The Omnitek Deep Learning Processing Unit (DPU) available now as a CNN will soon also be available as a Recurrent Neural Network (RNN) and a Multi-Layer Perceptions (MLP). In its highest performance implementation, the DPU features 12 CNN engines capable of churning out 20 TeraOps/s at better than 60% efficiency.
Discussing the merits of FPGAs for deep learning applications, Omnitek's CEO Roger Fawcett emphasized that while ASICs or fixed architectures are rapidly becoming obsolete in the fast evolving world of artificial intelligence, FPGAs provide the only platform to be rewired from one machine learning architecture to the next to achieve optimum efficiency at different tasks. A new bitstream is only what it takes for an FPGA to run a different neural network topology.
The CEO took Google's Tensor Processing Units (TPUs) as an example, which were reworked on a 2nd and a 3rd ASIC spin. Even then, when tasked with different workloads, the TPUs' efficiency can drop dramatically to only a few percent of its specified peak TeraOps/s figure.

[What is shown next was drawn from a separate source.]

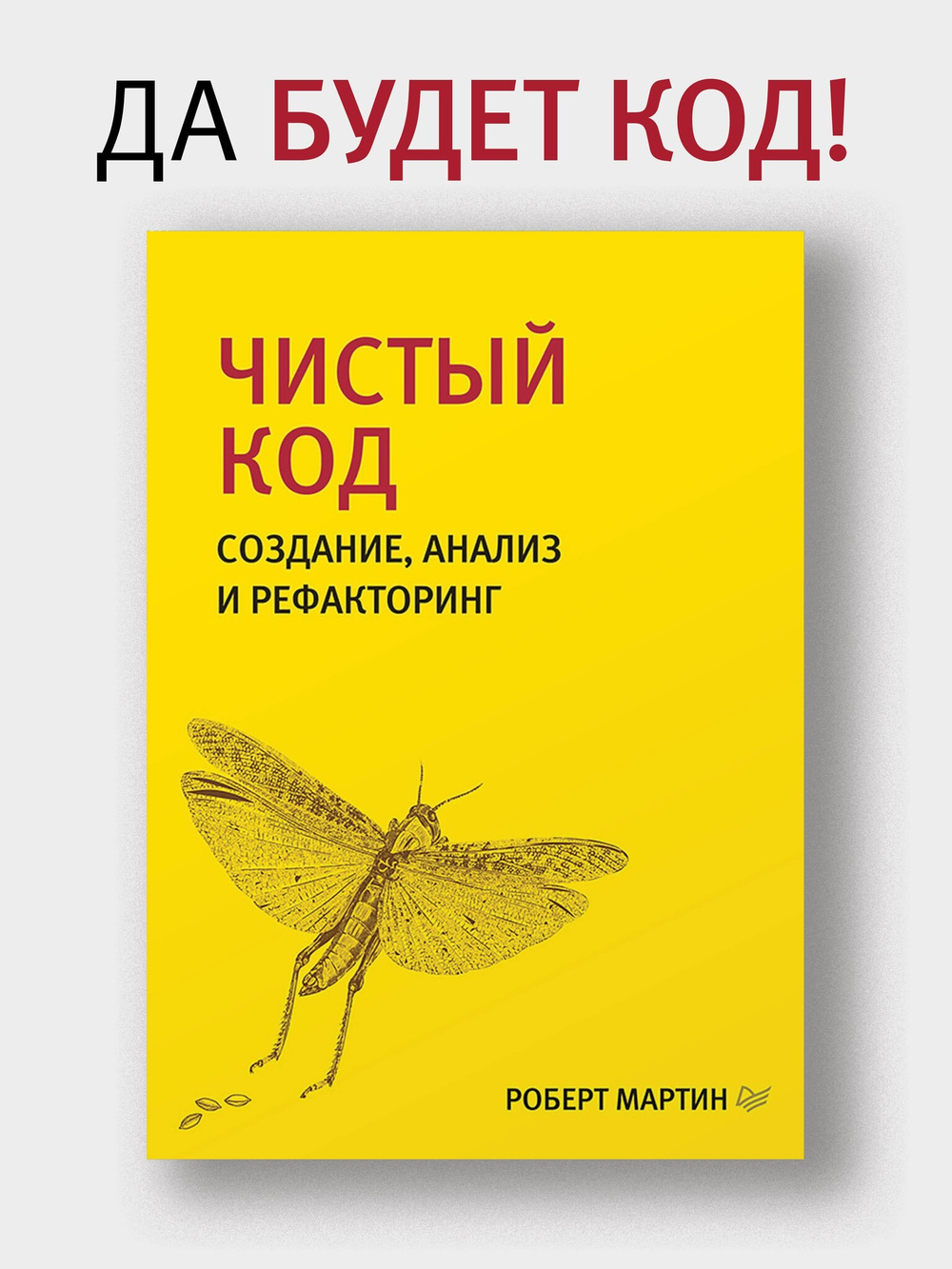 Чистый код: создание, анализ и рефакторинг. Библиотека программиста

What's more the 3rd TPU version requires water cooling.
Demonstrated as a GoogLeNet Inception-v1 CNN, using 8-bit integer resolution, the Omnitek DPU achieves 16.8 TOPS performance and is able to inference at over 5,300 images per second on a Xilinx Virtex UltraScale+ XCVU9P-3 FPGA. This makes it highly suited to object detection and video processing applications at the Edge and in the Cloud, such as intelligent super resolution 8K upscaling for which performance is most important.
The maximum number of engines on Omnitek's DPU was chosen as a perfect match to Xilinx' Virtex UltraScale+ XCVU9P and its 12,000 MACS and over 6000 DSP slices. Because the engines are all identical and run in parallel, power efficiency is determined by the number of engines put together. Smaller FPGAs could accommodate 4 engines or less.